Perkiraan Kerugian Negara Capai Rp 14 Triliun
Syarief menyebutkan perkiraan kerugian keuangan negara yang ditimbulkan dari perkara ini mencapai Rp 14 triliun. Angka ini masih dalam proses penghitungan oleh tim auditor.
“Namun demikian berdasarkan perhitungan sementara oleh auditor kami, kerugian keuangan negara atau kehilangan penerimaan negara diperkirakan mencapai antara Rp 10 triliun hingga Rp 14 triliun.
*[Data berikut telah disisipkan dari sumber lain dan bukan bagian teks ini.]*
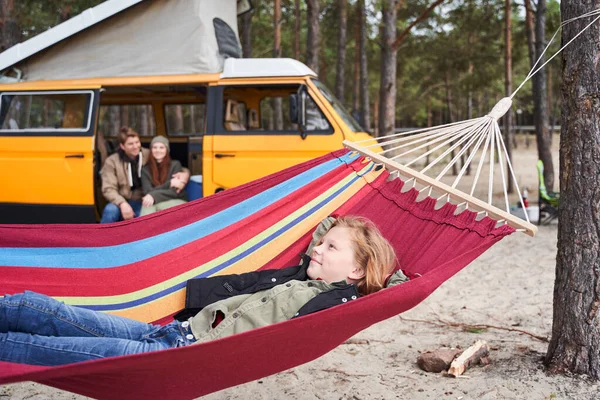 Flicka avkopplande i en bekväm hängmatta — Stockfoto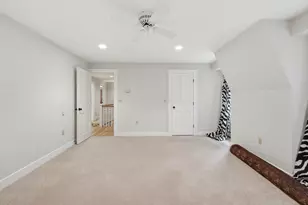 18 Village Green Ln, Holden, MA 01520 - Photo 32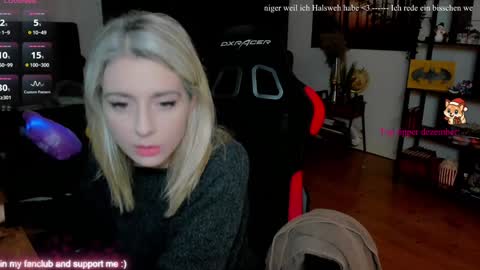 Wolfs Girl online show from 12/14/25, 06:34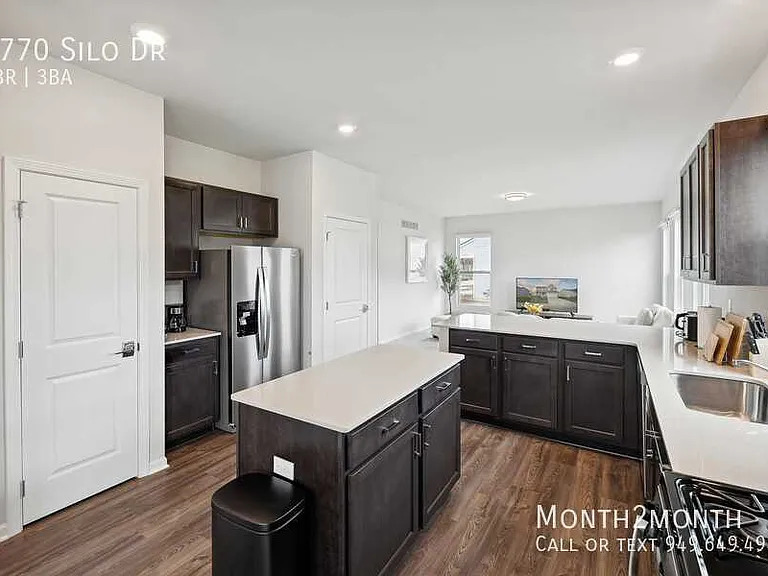 2770 Silo Dr — Photo 8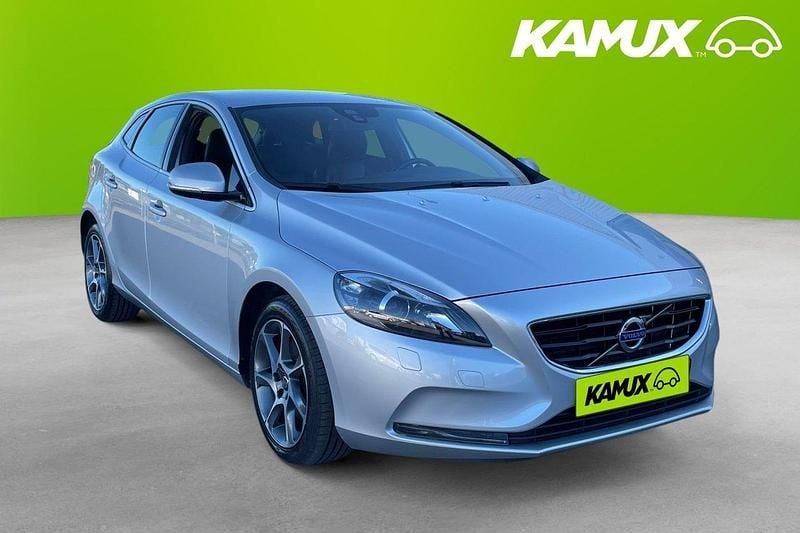 Silver/grå Begagnad 2016 Volvo V40 Ocean Race Kombi | 157 900 kr (Marknadspris) - Bild 1/4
Itu baru kerugian keuangan negara dan belum merupakan potensi kerugian perekonomian negara yang sedang dihitung juga,” imbuhnya.
Daftar 11 Tersangka
Berikut adalah daftar 11 orang yang ditetapkan sebagai tersangka:
- LHB selaku Kasubdit Industri Hasil Perkebunan Non Pangan dan Fungsional Analis Kebijakan dan Pembina Industri Ahli Madya pada Direktorat Industri Hasil Hutan Kementerian Perindustrian Republik Indonesia.
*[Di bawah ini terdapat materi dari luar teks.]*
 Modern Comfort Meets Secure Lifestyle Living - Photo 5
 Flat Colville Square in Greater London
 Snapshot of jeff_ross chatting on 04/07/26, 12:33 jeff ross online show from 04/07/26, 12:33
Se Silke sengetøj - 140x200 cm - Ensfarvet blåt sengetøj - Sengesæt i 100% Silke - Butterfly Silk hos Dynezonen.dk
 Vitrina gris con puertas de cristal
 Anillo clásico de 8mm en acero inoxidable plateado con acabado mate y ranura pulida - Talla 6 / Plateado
- FJR selaku Direktur Teknis Kepabeanan pada Direktorat Jenderal Bea dan Cukai (DJBC) / (2024 sampai dengan sekarang menjabat Kepala Kantor DJBC Bali, NTB dan NTT).
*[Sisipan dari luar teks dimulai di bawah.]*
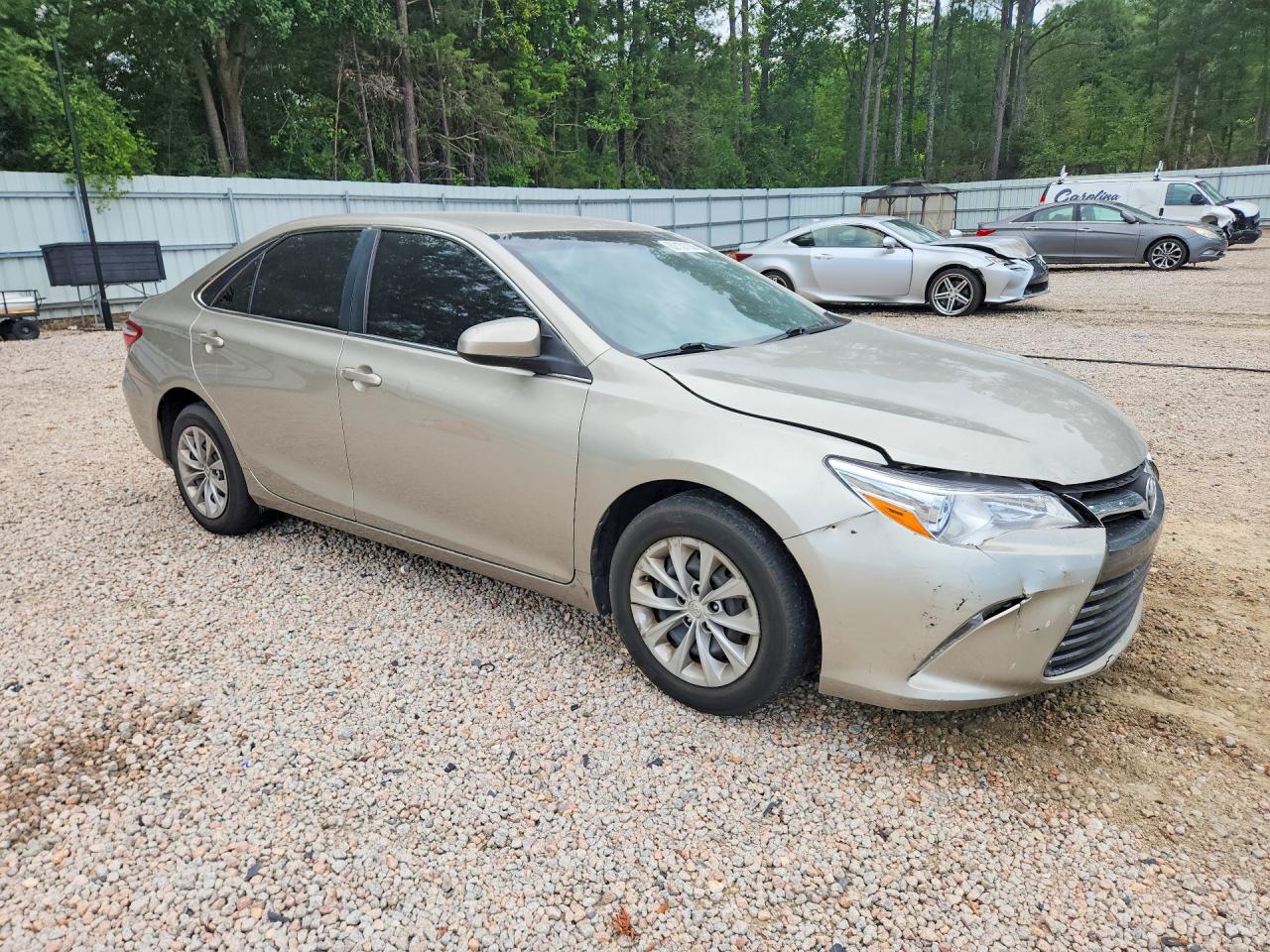 2015 Toyota Camry Le Gold vin: 4T1BF1FK9FU993811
- MZ selaku Kepala Seksi Penyuluhan dan Layanan Informasi KPBC Pekanbaru.
- ES selaku Direktur PT. SMP, PT. SMA dan PT. SMS.
- ERW selaku Direktur PT. BMM.
- FLX selaku Direktur Utama PT. AP dan Head Commerce PT. AP.
- RND selaku Direktur PT. TAJ.
- TNY selaku Direktur PT TEO dan Pemegang Saham PT Green Product International.
- VNR selaku Direktur PT Surya Inti Primakarya.
- RBN selaku Direktur PT CKK.
- Sdr. YSR selaku Dirut PT. MAS dan Komisaris PT. SBP.
Kesebelas tersangka disangkakan melanggar Pasal 603 jo. Pasal 20 huruf a atau c Undang-Undang Nomor 1 Tahun 2023 tentang Kitab Undang-Undang Hukum Pidana jo. Pasal 18 Undang-Undang Nomor 31 Tahun 1999 tentang Pemberantasan Tindak Pidana Korupsi jo. Undang-Undang Nomor 20 tahun 2001 tentang Perubahan Undang-Undang Nomor 31 Tahun 1999 tentang Pemberantasan Tindak Pidana Korupsi. Subsider Pasal 3 jo. Pasal 18 Undang-Undang Nomor 31 Tahun 1999 tentang Pemberantasan Tindak Pidana Korupsi jo. Undang-Undang Nomor 20 tahun 2001 tentang Perubahan Undang-Undang Nomor 31 Tahun 1999 tentang Pemberantasan Tindak Pidana Korupsi Jo. Pasal 618 jo. Pasal 20 huruf a atau c Undang-Undang Nomor 1 Tahun 2023 tentang Kitab Undang-Undang Hukum Pidana.
Para tersangka dilakukan penahanan selama 20 hari ke depan di rutan Salemba cabang Kejaksaan Agung dan rutan Salemba cabang Kejaksaan Negeri Jakarta Selatan.